» The task: Below is a listing with pictures in it; transcribe exactly the lines from the one that has "Herfstkleuren van het" through the one that has "Search for dachshund cutting boards Puppy", and omit those pictures.

» Input data:
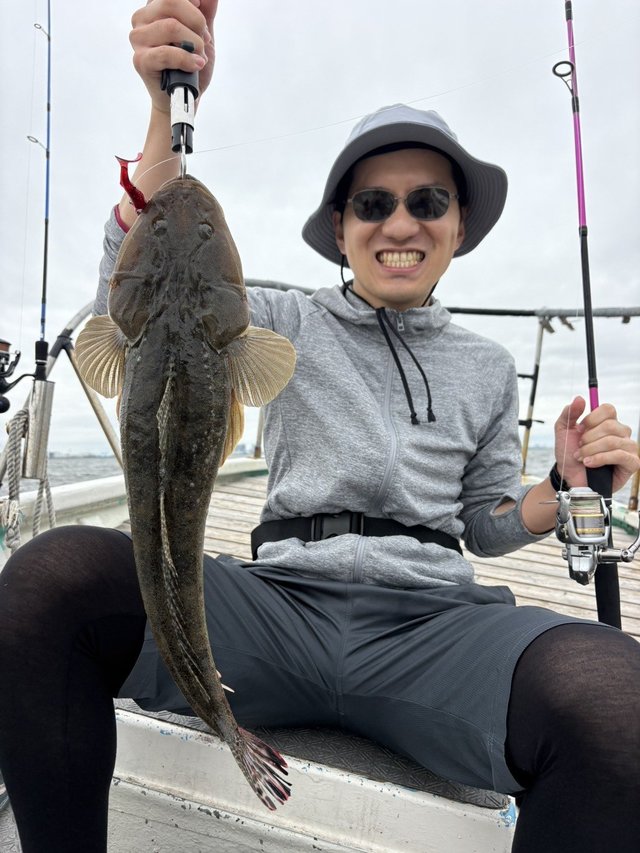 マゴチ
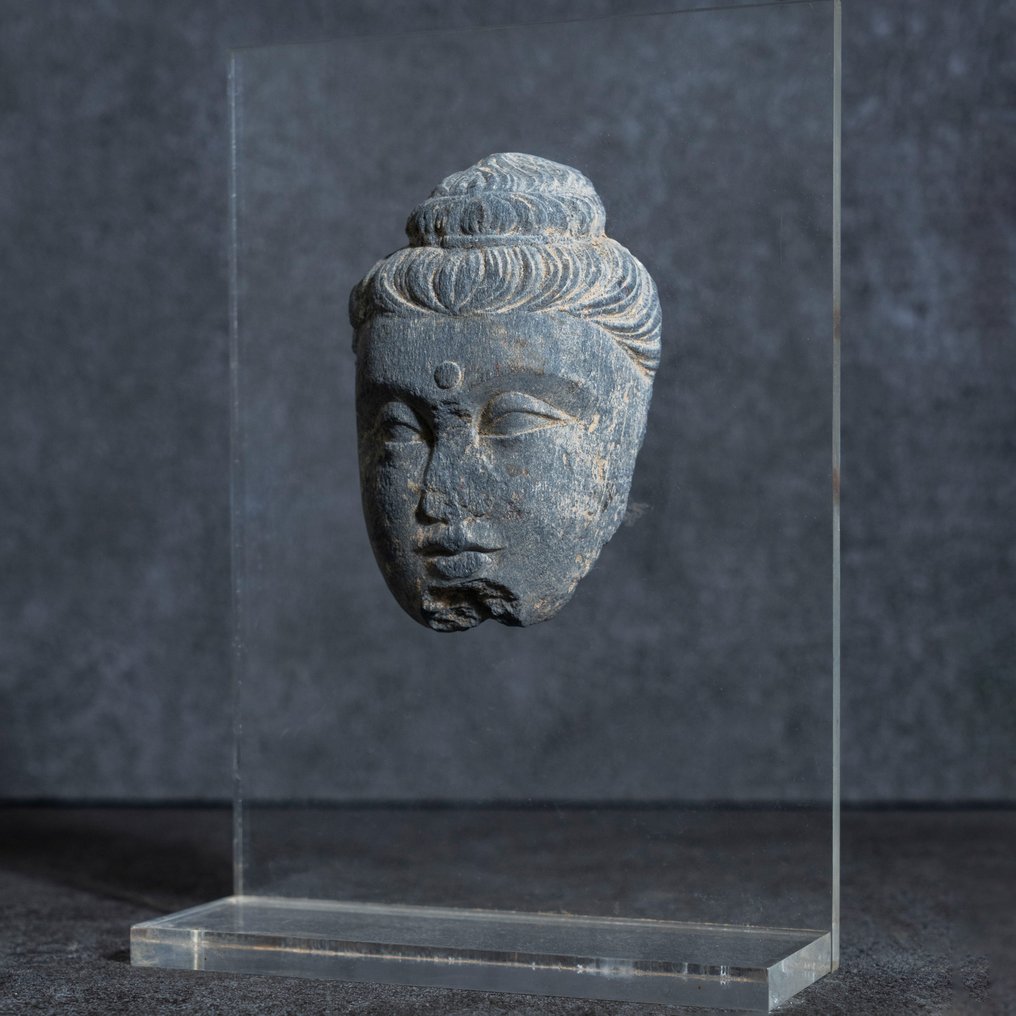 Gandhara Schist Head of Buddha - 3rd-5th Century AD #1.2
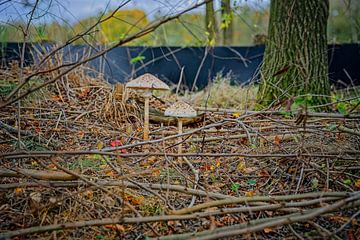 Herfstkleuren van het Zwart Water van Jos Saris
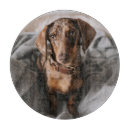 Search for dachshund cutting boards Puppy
* * *
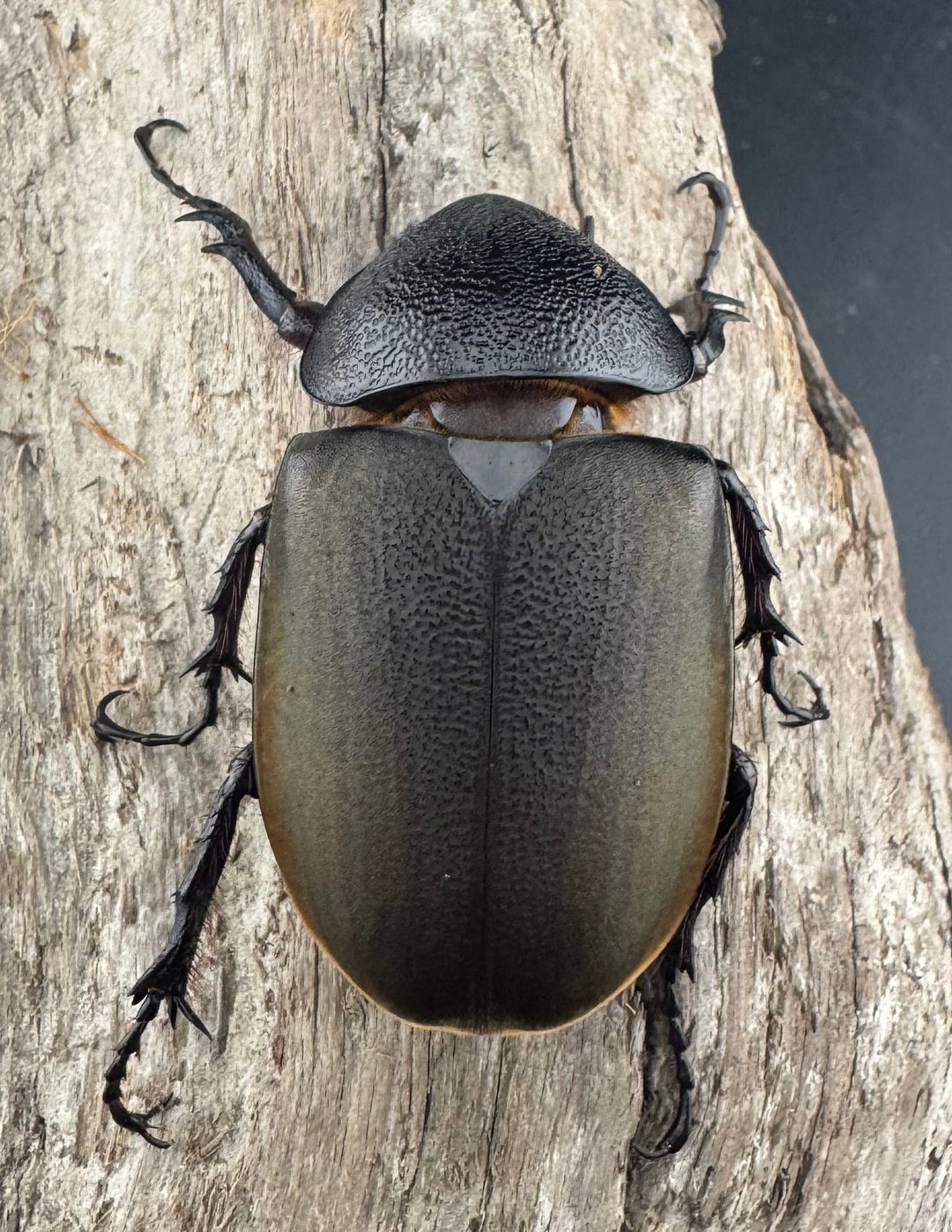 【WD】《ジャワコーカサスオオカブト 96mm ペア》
---
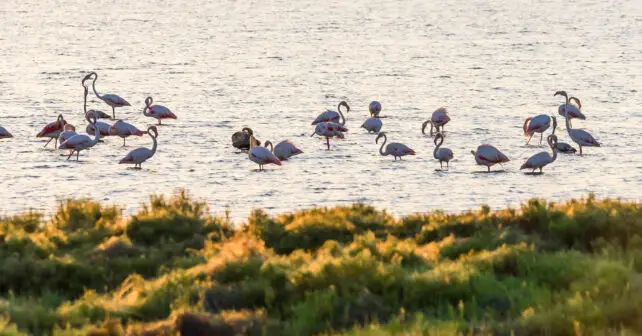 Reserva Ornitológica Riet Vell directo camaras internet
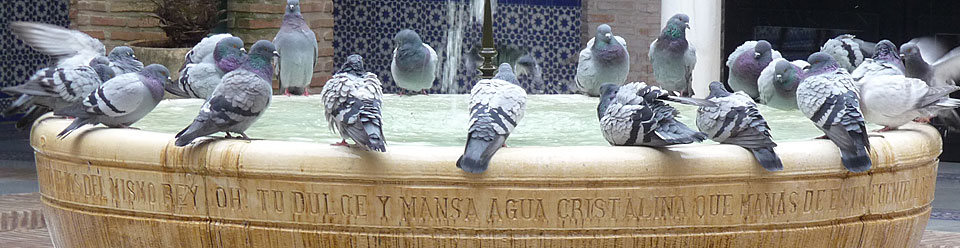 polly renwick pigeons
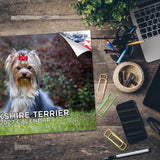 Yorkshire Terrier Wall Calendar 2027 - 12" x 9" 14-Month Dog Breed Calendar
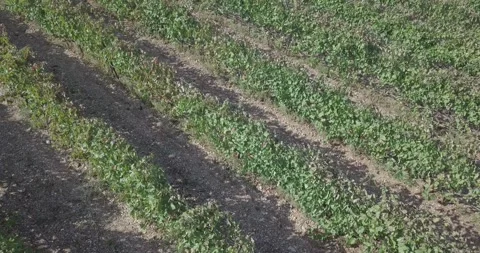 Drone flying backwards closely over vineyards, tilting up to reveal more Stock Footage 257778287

» Answer area:
 Herfstkleuren van het Zwart Water van Jos Saris
 Search for dachshund cutting boards Puppy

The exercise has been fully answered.